____ Records provided
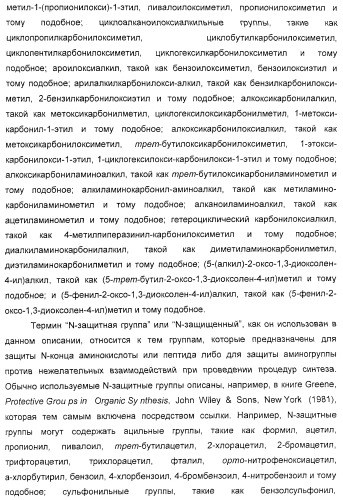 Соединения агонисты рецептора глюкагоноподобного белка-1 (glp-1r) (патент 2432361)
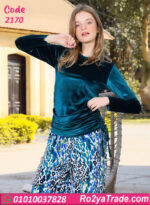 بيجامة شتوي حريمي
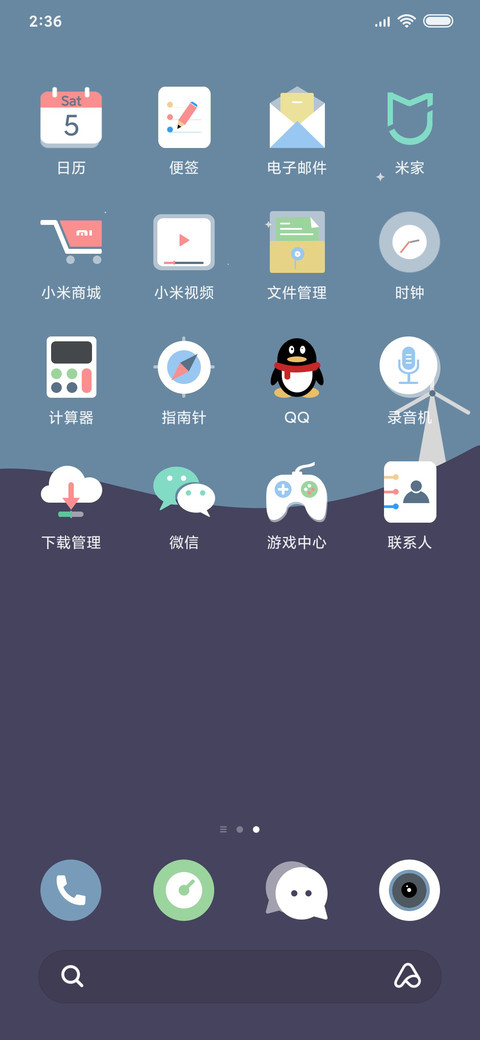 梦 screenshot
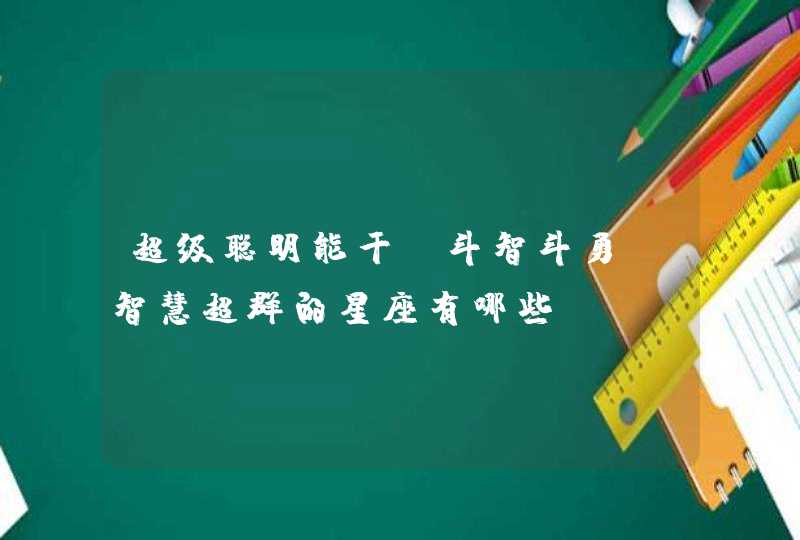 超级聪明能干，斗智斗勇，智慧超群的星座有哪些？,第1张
________
____ Records provided
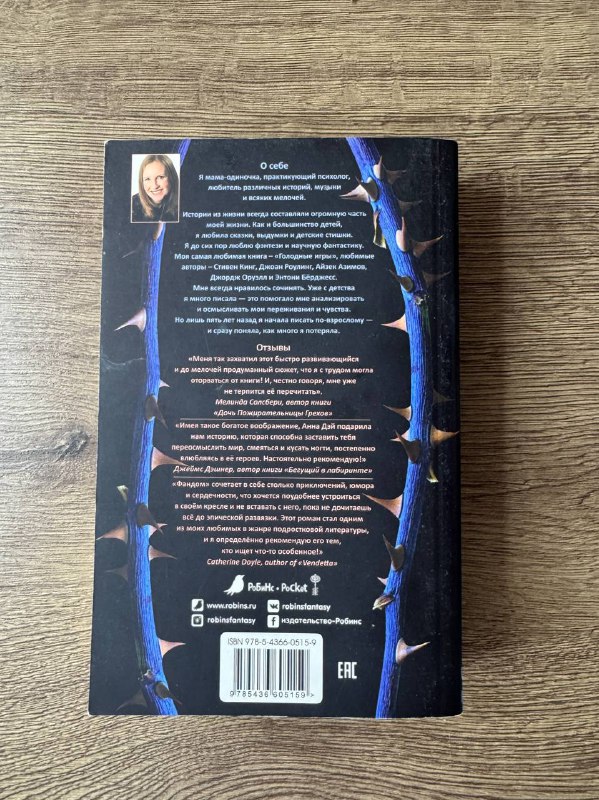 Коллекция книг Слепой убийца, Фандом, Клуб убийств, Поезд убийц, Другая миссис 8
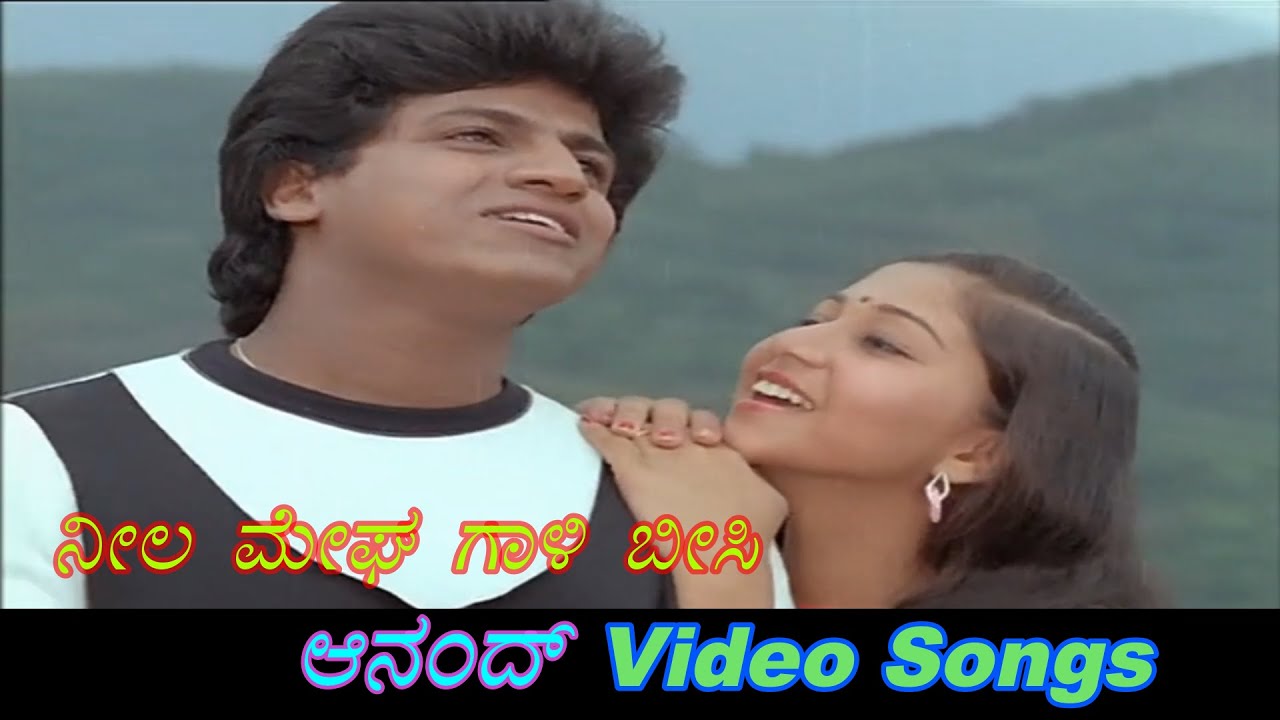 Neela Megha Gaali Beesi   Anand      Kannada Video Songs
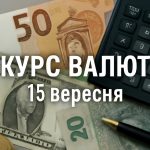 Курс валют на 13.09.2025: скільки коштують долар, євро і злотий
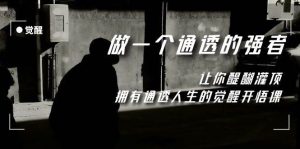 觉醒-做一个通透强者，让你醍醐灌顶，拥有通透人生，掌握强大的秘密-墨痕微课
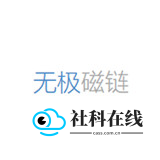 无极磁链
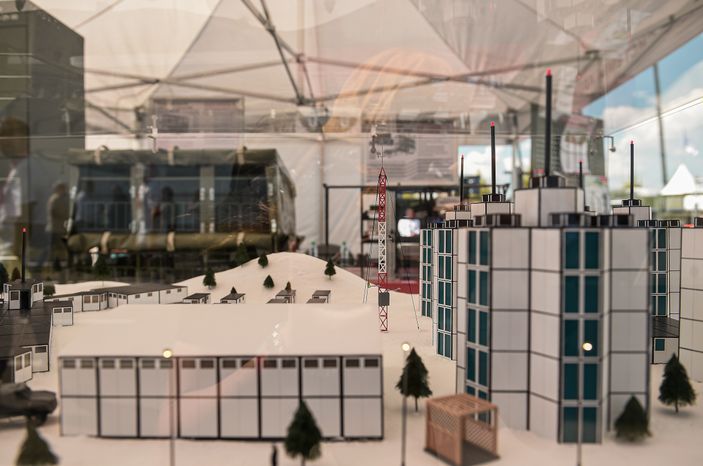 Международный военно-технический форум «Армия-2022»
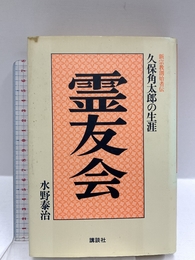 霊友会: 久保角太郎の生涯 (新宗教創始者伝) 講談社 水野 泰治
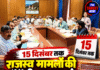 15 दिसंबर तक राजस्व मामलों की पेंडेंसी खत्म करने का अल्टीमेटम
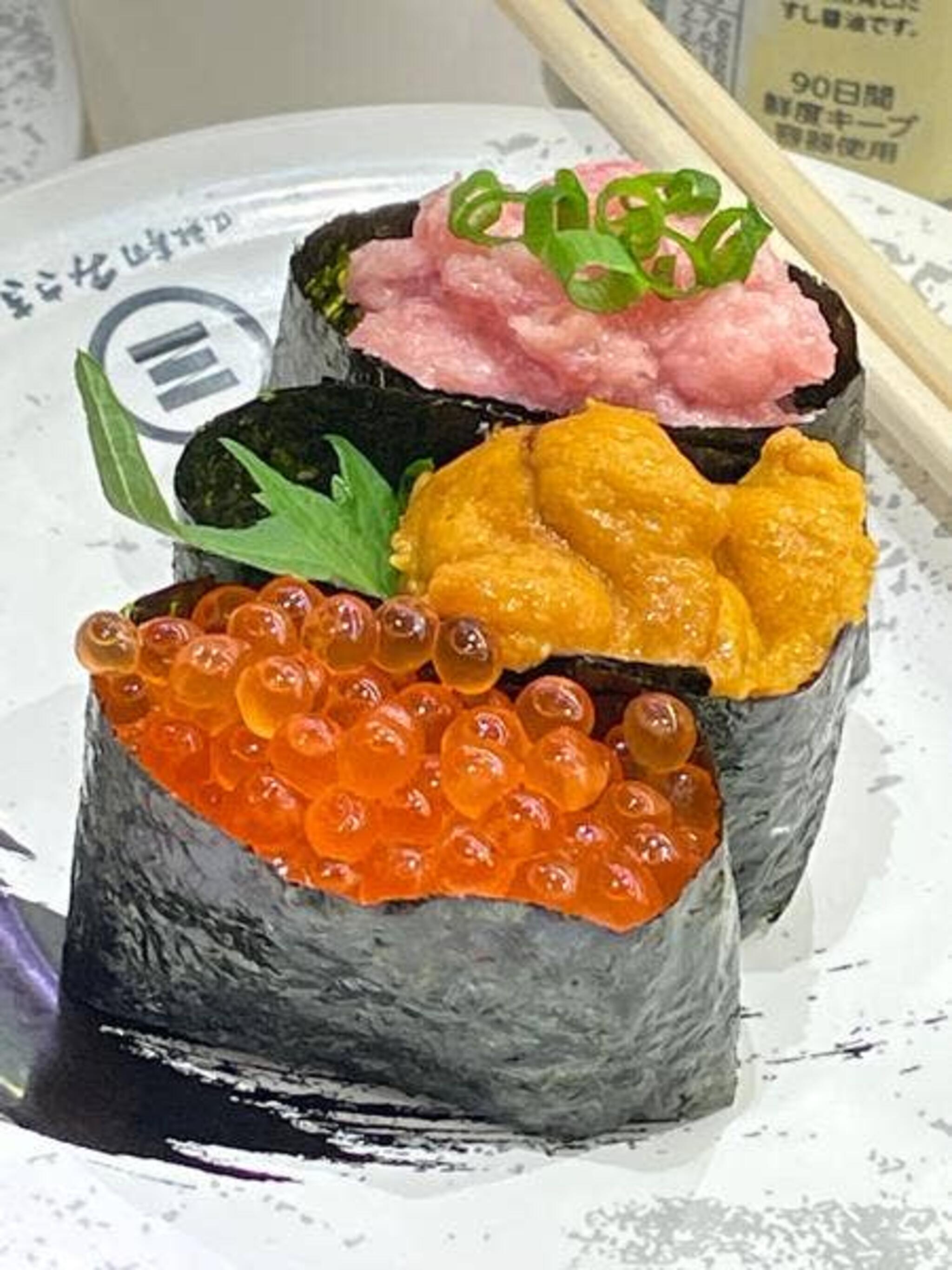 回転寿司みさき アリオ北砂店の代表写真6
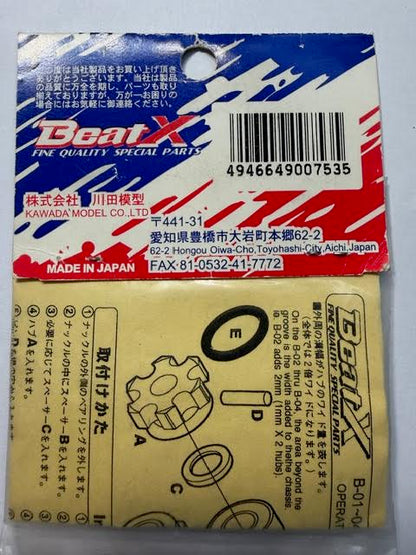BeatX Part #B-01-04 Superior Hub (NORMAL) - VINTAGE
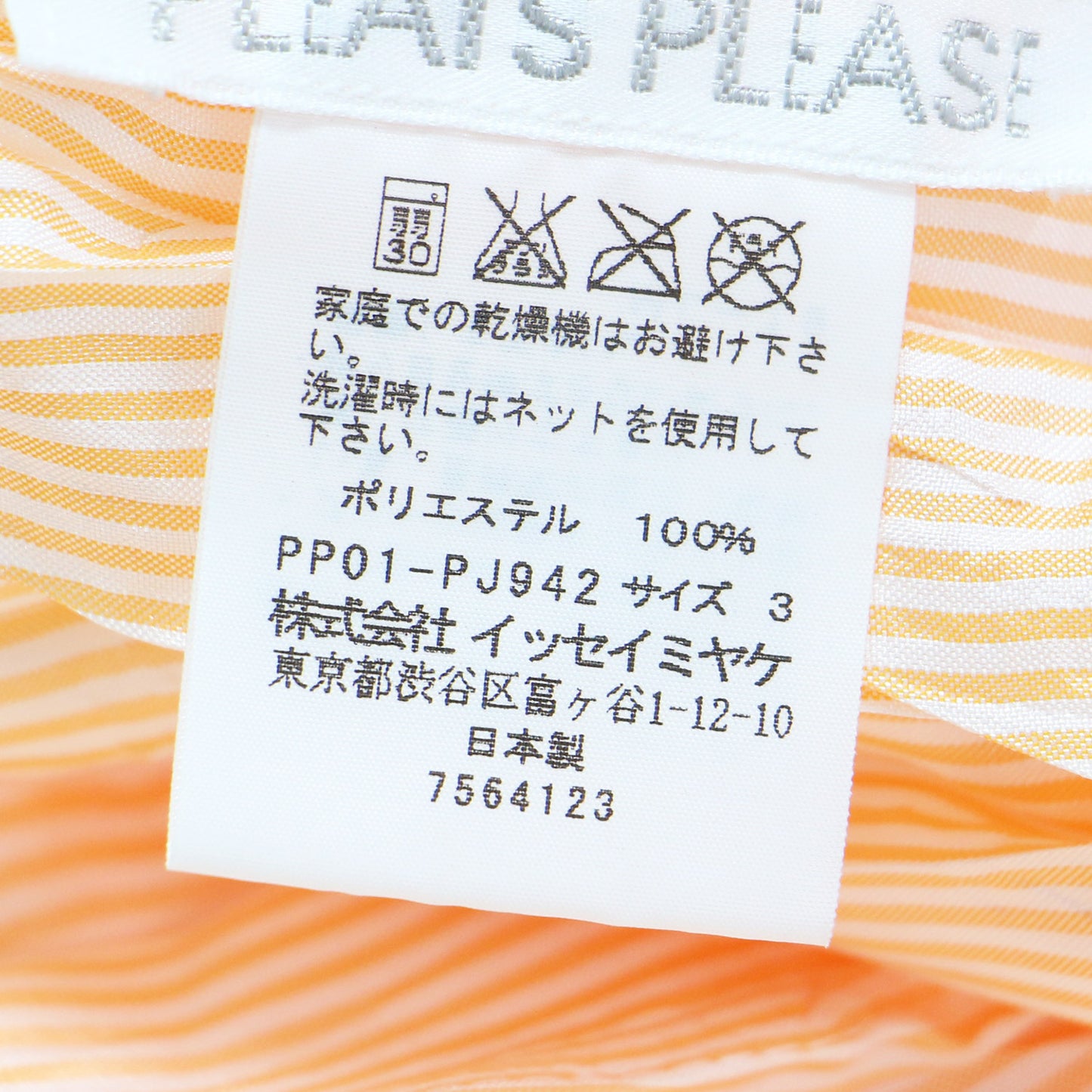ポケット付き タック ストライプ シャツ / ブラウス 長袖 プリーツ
________
» Exercise: What is wanted is an exact copy of the lines above from the one containing "Neela Megha Gaali" through the one containing "ポケット付き タック ストライプ シャツ / ブラウス 長袖 プリーツ", with no pictures in it.

» Exercise solution:
 Neela Megha Gaali Beesi   Anand      Kannada Video Songs
 Курс валют на 13.09.2025: скільки коштують долар, євро і злотий
 觉醒-做一个通透强者，让你醍醐灌顶，拥有通透人生，掌握强大的秘密-墨痕微课
 无极磁链
 Международный военно-технический форум «Армия-2022»
 霊友会: 久保角太郎の生涯 (新宗教創始者伝) 講談社 水野 泰治
 15 दिसंबर तक राजस्व मामलों की पेंडेंसी खत्म करने का अल्टीमेटम
 回転寿司みさき アリオ北砂店の代表写真6
BeatX Part #B-01-04 Superior Hub (NORMAL) - VINTAGE
ポケット付き タック ストライプ シャツ / ブラウス 長袖 プリーツ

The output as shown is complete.